━━ DATA SEGMENT ━━
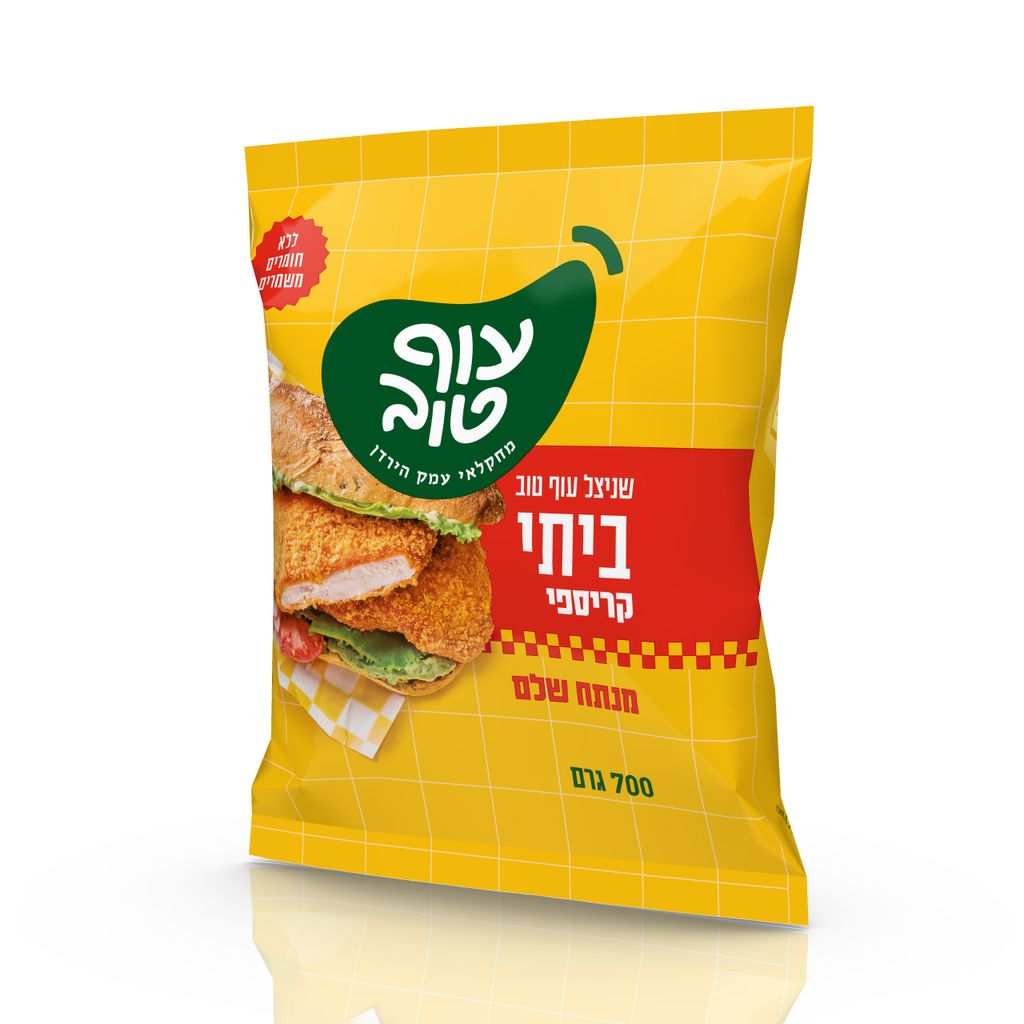שניצל עוף ביתי קריספ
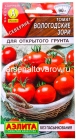 семена Томат Вологодские зори 20 шт цветной пакет годен до 31.12.2029 (Аэлита)
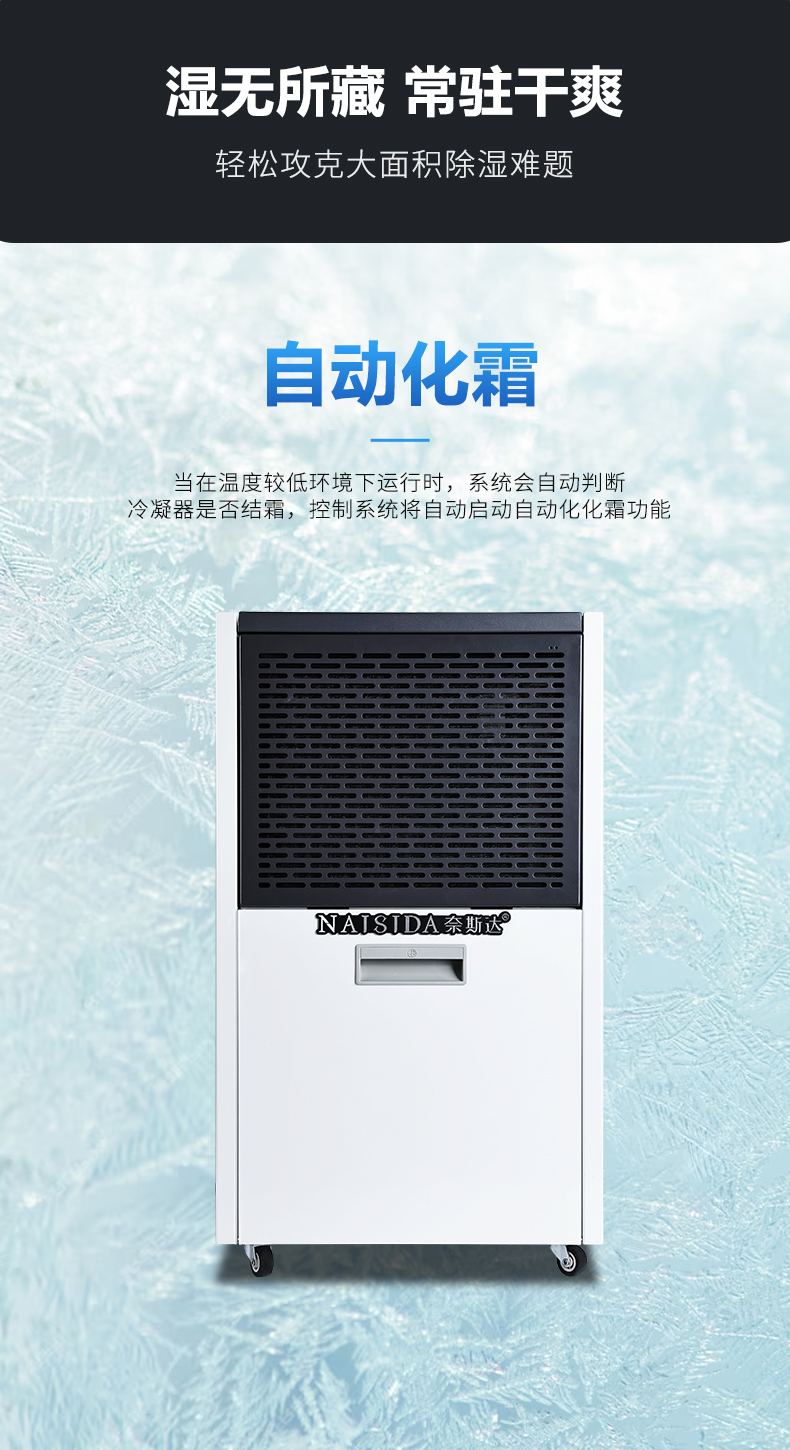 除湿机6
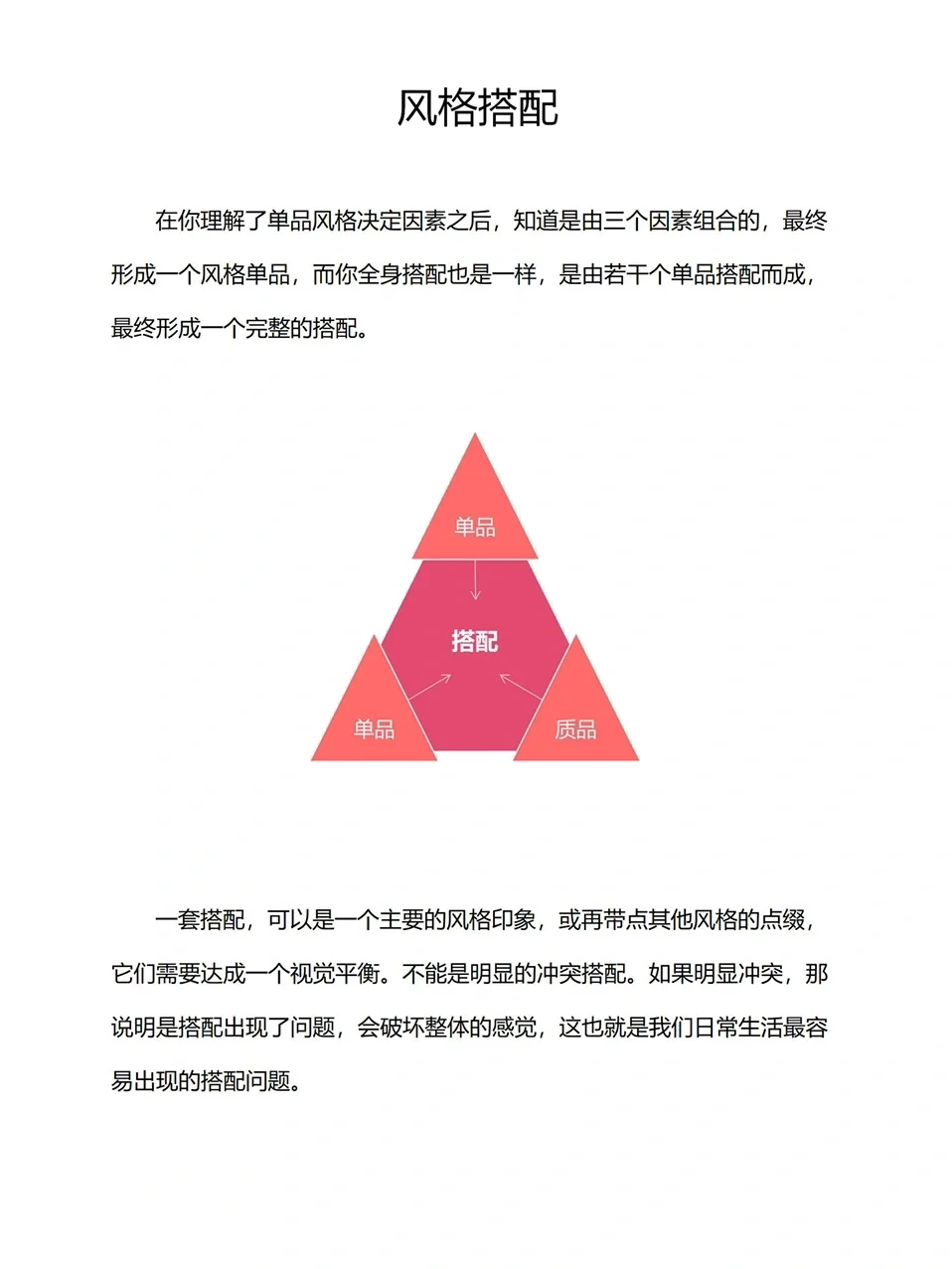 亚洲熟妇与欧美老妇的时尚对决，魅力对比，风格差异解析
━━━
WHAT TO PRODUCE:
What this calls for is a word-for-word copy of the listing above, pictures excluded.

RESPONSE:
שניצל עוף ביתי קריספ
 семена Томат Вологодские зори 20 шт цветной пакет годен до 31.12.2029 (Аэлита)
 除湿机6
 亚洲熟妇与欧美老妇的时尚对决，魅力对比，风格差异解析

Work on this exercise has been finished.